Case study
Major U.S. utility company improved advanced metering infrastructure data processing times by 300% with UST IQ on AWS Cloud
OUR CLIENT
Ranked as one of the largest energy companies in the world, this client serves approximately 40 million electric and gas utility customers in North America. The company generates nearly $15 billion in annual revenue and employs more than 15,000 people.
THE CHALLENGE
Utility company wanted to replace end-of-life AMI application with modern cloud solution
The utility company’s advanced metering infrastructure (AMI) solution was nearing its end-of-life. This situation was the optimal time to shift to a cloud-based SaaS subscription solution to minimize capital expenditures and deploy a more modern, agile infrastructure. Because of the company’s vast operations, it needed a robust solution that could process at least 24 TB of data annually from more than six million meters and approximately 4,500 data tracking units. The solution also needed to:
- Provide near real-time data processing capabilities.
- Generate 30-day rolling usage averages.

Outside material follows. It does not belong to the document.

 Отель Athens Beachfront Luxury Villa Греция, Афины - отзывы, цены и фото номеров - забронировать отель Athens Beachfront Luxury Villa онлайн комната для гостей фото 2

- Offer transparency so operations personnel could proactively identify issues.
THE TRANSFORMATION
Robust, flexible UST IQ on AWS Cloud met company’s rigorous data processing needs
After deploying UST IQ on AWS Cloud, the gas company had the modern SaaS solution it wanted. The project team created a cloud-based data warehouse to store and manage the enormous amount of data generated by the utility meters and data tracking units. UST IQ’s flexible data processing, curation, and analysis capabilities allowed the operations team to create dimensional models to generate the 30-day rolling averages, gain insights from the usage data, and identify potential problems as quickly as possible.
THE IMPACT
Utility company reduced AMI data processing timeframes by 300%
The new cloud-based AMI solution provided the robust data processing capabilities the company needed. Now, the operations team could analyze more than 300 million account records in less than two hours on a daily basis - a 300% improvement in processing time that far exceeded established performance SLAs compared to the legacy solution. With 5-minute micro-batch streaming, the company also gained the near real-time data processing it wanted. By migrating from a capital-intensive on-premises solution to a more cost-effective SaaS subscription solution, the company eliminated up-front CAPEX costs and significantly reduced its total cost of ownership.